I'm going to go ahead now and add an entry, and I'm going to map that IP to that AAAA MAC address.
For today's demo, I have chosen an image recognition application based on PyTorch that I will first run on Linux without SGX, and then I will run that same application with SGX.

* * *

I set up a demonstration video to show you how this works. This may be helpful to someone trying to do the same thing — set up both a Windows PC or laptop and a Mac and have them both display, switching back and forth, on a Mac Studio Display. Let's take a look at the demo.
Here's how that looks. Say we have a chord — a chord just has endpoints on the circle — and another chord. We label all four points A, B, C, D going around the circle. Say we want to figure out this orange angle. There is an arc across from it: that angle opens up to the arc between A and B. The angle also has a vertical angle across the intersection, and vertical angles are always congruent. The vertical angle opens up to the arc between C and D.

What the task asks:
Say how many lines in the preceding material include the word "demo", with no other words in the reply.

Your response:
2